### Data provided ###

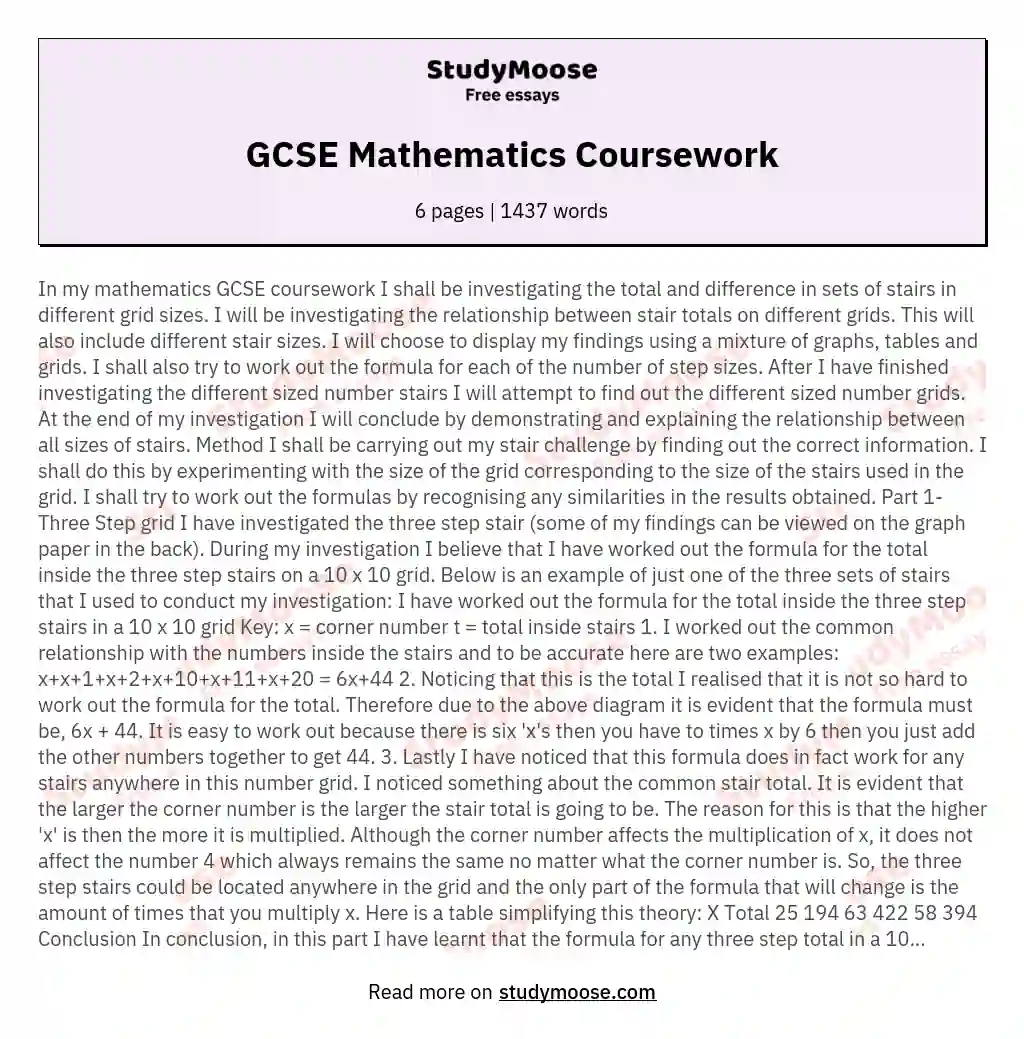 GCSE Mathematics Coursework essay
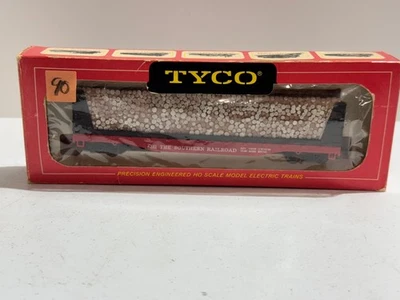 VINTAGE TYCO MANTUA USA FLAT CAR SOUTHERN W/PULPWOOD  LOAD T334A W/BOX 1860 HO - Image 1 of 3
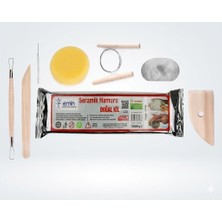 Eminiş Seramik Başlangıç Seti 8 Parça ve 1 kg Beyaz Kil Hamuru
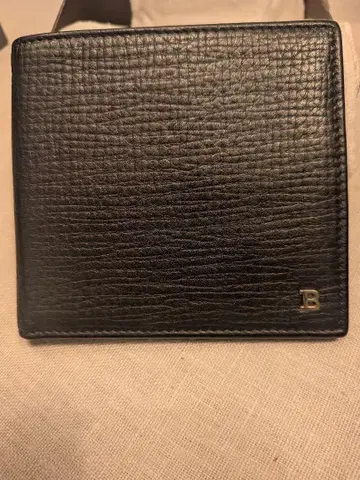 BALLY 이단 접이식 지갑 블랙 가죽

###

Your objective
Word for word, print the material above, but without its pictures.

Reply to the exercise
 GCSE Mathematics Coursework essay
 VINTAGE TYCO MANTUA USA FLAT CAR SOUTHERN W/PULPWOOD  LOAD T334A W/BOX 1860 HO - Image 1 of 3
 Eminiş Seramik Başlangıç Seti 8 Parça ve 1 kg Beyaz Kil Hamuru
 BALLY 이단 접이식 지갑 블랙 가죽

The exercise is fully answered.